Data records:
--

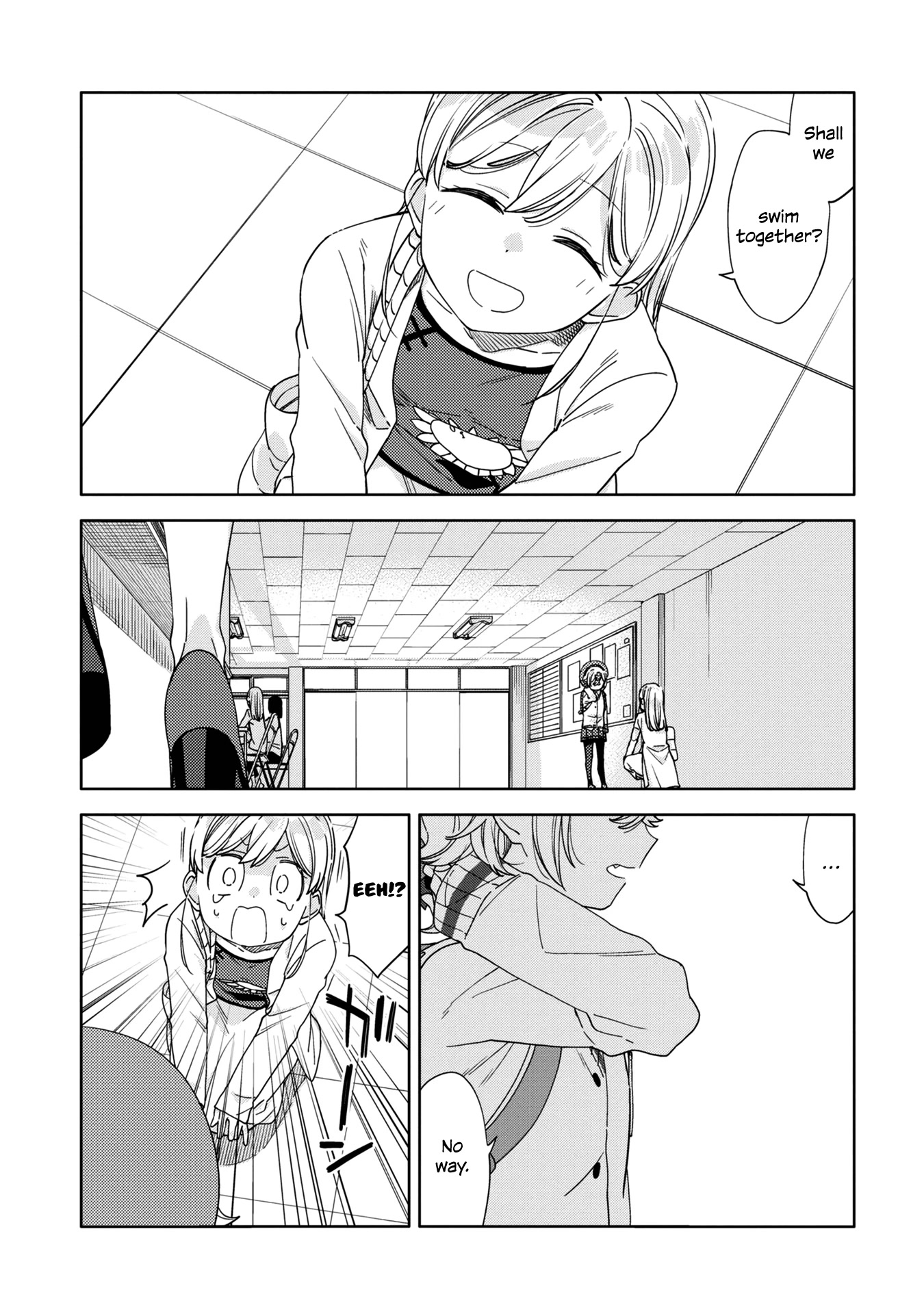 Be Careful, Onee-San. Chapter 16 #27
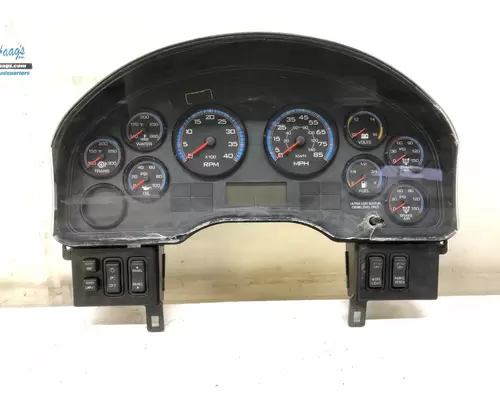 Instrument Cluster INTERNATIONAL Durastar Vander Haags Inc Cb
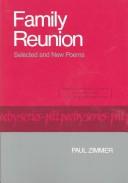 Cover of: Family reunion: selected & new poems
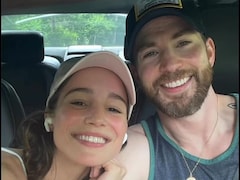 Chris Evans And Wife Alba Baptista Welcome Their First Child: Report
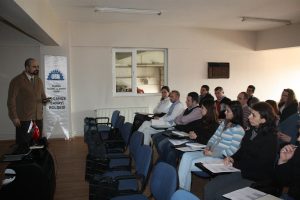 Bursa TSO OSB'den firmalara CE işareti eğitimi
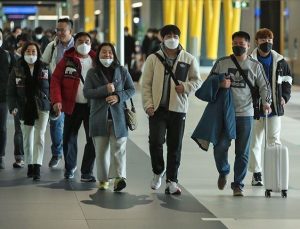 Kanada, Çin’den gelen yolculara KOVİD-19 testi uygulamasını kaldırdı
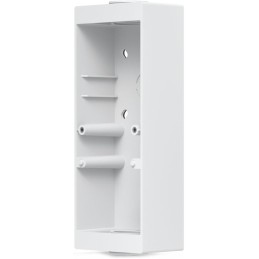 Ubiquiti Reader Pro Junction Box W - Instalační krabice na zeď pro UniFi Access Reader Pro a G4 Doorbell Pro PoE, bílá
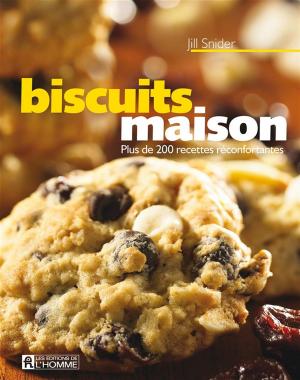 Cover of the book Biscuits maison by Marcel Tessier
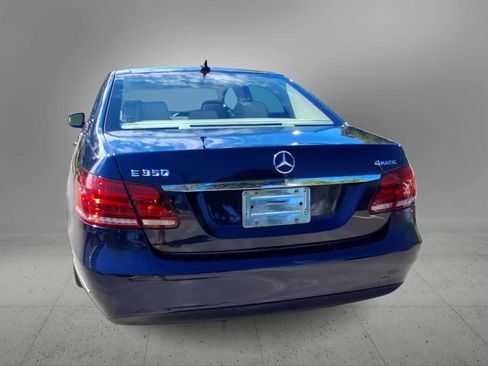 Used 2015 Mercedes-Benz E 350 4MATIC Sedan image 7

--

Your task: What you give back should be exactly the lines from the line holding "Cover of the" through the final line of the material, both ends included, and please leave out the pictures.

Answer:
 Cover of the book Biscuits maison by Marcel Tessier
 Used 2015 Mercedes-Benz E 350 4MATIC Sedan image 7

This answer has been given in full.